Take the steeped fruit and remove the cinnamon stick pieces. Add the eggs, honey, treacle and grated apple. Stir well, then you can add all that into the dry ingredients. Give it a really good stir (get everyone to take a turn to stir and make a wish). Now butter one of those big, lidded plastic basins (3 pint/1.7 litre) and bung in your mixture. Put on the lid, then cover it in foil. If your basin doesn’t have a lid you’ll need to use buttered greaseproof paper, then foil, then tie it tightly with string (or you can tie it in a muslin, or use one of those special moulds…blah blah, I’m not your mother, do what you like).

To steam it, you can use a steamer if you’re posh, but I haven’t got one so I just used a huge saucepan and balanced the basin inside it on a circular metal pastry cutter so it wasn’t sitting on the bottom of the pan. Add boiling water about halfway up the basin and put the lid on the saucepan.
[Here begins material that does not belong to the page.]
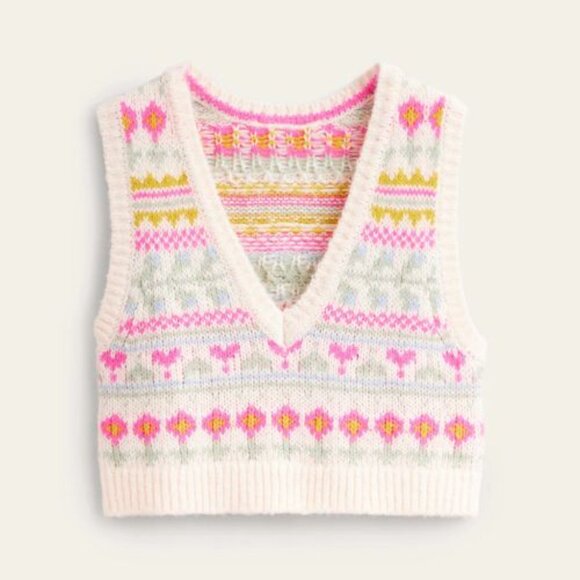 Boden Fair Isle Floral Sweater Vest Cream Pink Cottagecore Knit 51783 - Picture 3 of 15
Steam for 5 hours, making sure you go back every so often to top up the boiling water.

And that’s it, you’re done. Let it cool then stash it away for Christmas day when it’ll need to steam for about another 2.5 to 3 hours (don’t worry if it gets a bit longer, it won’t ruin it).

BTW: If you want to make mini puddings instead, like I did above, remember to put a teeny piece of buttered greaseproof paper in the bottom of your ramekin, otherwise you’ll never get the buggers out. Then you can just cover them with foil, put them on a deep baking tray, add boiling water to half way up the sides of the ramekins, and bake in the oven for 30 minutes on 180/gas 4.

BTW 2: Nigella advocates vodka rather than brandy to flame a pudding - apparently the flame is better and lasts longer. Just mind your eyebrows.